Atlis Disease

I have Atlis disease.

When I first found out that I had it, I was shocked. Devastated.

In just that short instant, my life turned completely upside-down.

I had to wake up every morning with this realisation that my organs were degenerating. My systems were shutting down. My body was dying.

It was hard to imagine, but my life could end at any moment. Every new morning was a gift, as I never knew whether I would be able to climb into bed that night.
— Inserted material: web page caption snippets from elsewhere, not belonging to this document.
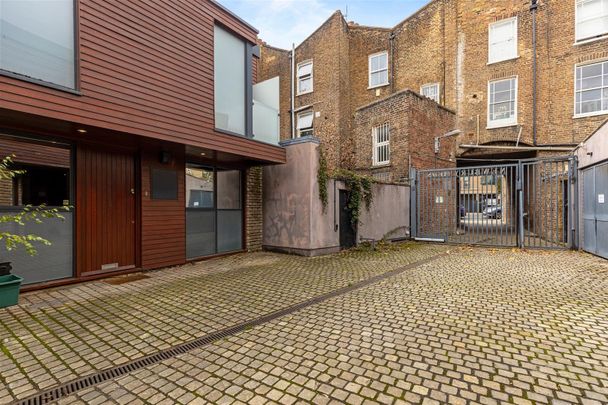 Newbury Mews, Chalk Farm, London - Photo 1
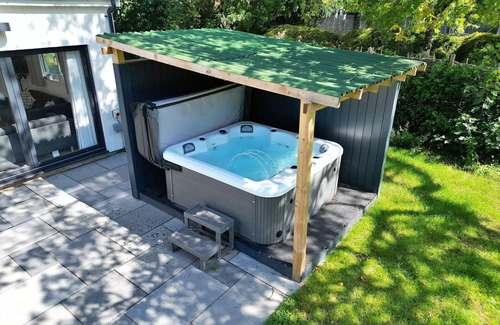 Liverton House | Beautiful villa for 6 guests with WIFI, hot tub, pool and parking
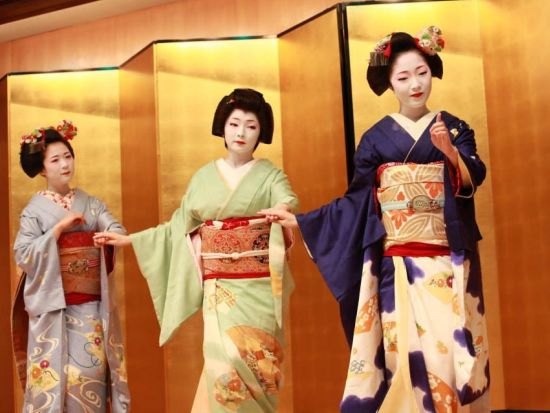 花街文化に精通する顔師（化粧師）が舞妓さんや京都の文化をご説明！舞妓さん派遣プラン 舞鑑賞2曲＋記念撮影＋舞妓さんへの質問コーナー ＜宿泊先等催行／京都市内＞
From that point on, every day mattered. I couldn't bear to watch any of my limited time slip away.

I wrote down all my dreams, and my fears that were holding me back.

I listed down all the dear friends I stopped keeping in touch with.

I recalled all the things I wished I could do with my loved ones.

I cut out pictures of all the places I always wanted to go to.

I learned to sing, dance, paint and cook.

I laughed louder.

I loved harder.

I lived fuller.

Funny thing is, I'm still alive and well today. All without the need for medicines or therapy. I like to call it my personal miracle.

I haven't beaten the disease yet, though. And I hope I never will.

You see, this Atlis Disease I have actually stands for Awareness That Life Is Short.

Once I diagnosed myself with it, there was no turning back. My one life meant everything, and I had to make it count.

You don't need a real disease to realise that you're dying. You are.

Have you contracted Atlis Disease yet?